This thesis of Jingxuan Wang investigates the application of machine learning and deep learning techniques to predict the disappearance of lung nodules using real-world imaging data. Chapter 1 introduces the research background and provides an overview of the thesis structure. Chapter 2 presents a practical, step-by-step AI workflow for working with a lung nodule dataset, offering coding examples and guidance for researchers, clinicians, and technicians.
Chapters 3 through 5 develop predictive models for the disappearance of indeterminate pulmonary nodules (IPNs). Chapter 3 explores machine learning approaches using demographic and radiological features from the NELSON dataset. Among the models tested, a random forest achieved the best performance with an AUC of 0.865. Feature importance analysis identified volume, maximum diameter, and minimum diameter as the most influential variables.

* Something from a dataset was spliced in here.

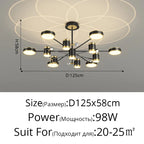 Modern LED Chandelier | Smart Remote Ceiling Pendant Light for Home Decor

Chapter 4 focuses on deep learning models trained with imaging and non-imaging features from the ImaLife dataset. Results showed that image-only models performed comparably to those integrating demographic information, suggesting limited added value from non-imaging data. Explainability tools confirmed that imaging features were the primary drivers of model performance.
Chapter 5 introduces a multi-view deep learning model that incorporates multiple spatial perspectives of new IPNs. This model outperformed all single-view approaches on the NELSON dataset, achieving an AUC of 0.81. Explainable heatmaps further highlighted the most predictive image regions.
Finally, Chapter 6 summarizes the findings, discusses their clinical relevance, and outlines future research directions for advancing predictive modeling in pulmonary imaging.